* Available records:
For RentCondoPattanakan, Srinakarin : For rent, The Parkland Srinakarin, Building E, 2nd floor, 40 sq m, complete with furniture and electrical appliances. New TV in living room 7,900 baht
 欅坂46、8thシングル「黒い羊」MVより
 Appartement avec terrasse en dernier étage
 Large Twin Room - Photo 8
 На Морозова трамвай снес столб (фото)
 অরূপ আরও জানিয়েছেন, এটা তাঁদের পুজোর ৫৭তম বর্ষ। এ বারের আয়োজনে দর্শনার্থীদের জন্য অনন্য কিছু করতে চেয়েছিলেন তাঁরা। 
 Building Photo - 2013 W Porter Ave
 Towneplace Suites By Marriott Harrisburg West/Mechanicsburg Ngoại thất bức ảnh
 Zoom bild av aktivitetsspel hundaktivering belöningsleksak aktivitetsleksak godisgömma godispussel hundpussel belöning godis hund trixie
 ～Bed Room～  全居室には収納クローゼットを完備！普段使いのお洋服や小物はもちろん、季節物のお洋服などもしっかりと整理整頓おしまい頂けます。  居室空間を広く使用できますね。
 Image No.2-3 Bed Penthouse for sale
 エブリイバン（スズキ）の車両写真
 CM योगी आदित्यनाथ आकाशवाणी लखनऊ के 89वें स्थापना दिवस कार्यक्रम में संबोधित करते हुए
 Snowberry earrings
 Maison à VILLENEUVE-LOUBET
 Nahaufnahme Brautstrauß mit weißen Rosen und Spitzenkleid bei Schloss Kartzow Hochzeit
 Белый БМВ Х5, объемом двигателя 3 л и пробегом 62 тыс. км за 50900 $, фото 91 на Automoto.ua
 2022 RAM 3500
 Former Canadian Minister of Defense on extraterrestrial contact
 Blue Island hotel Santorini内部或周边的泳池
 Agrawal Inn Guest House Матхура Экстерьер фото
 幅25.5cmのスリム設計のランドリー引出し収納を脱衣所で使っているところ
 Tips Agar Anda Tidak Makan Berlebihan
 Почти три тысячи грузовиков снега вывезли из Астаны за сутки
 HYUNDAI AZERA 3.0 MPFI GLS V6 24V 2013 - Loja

* Try it:
Check each line of the listing above for the string "фото" and return those that contain it.

* Final answer:
 На Морозова трамвай снес столб (фото)
 Белый БМВ Х5, объемом двигателя 3 л и пробегом 62 тыс. км за 50900 $, фото 91 на Automoto.ua
 Agrawal Inn Guest House Матхура Экстерьер фото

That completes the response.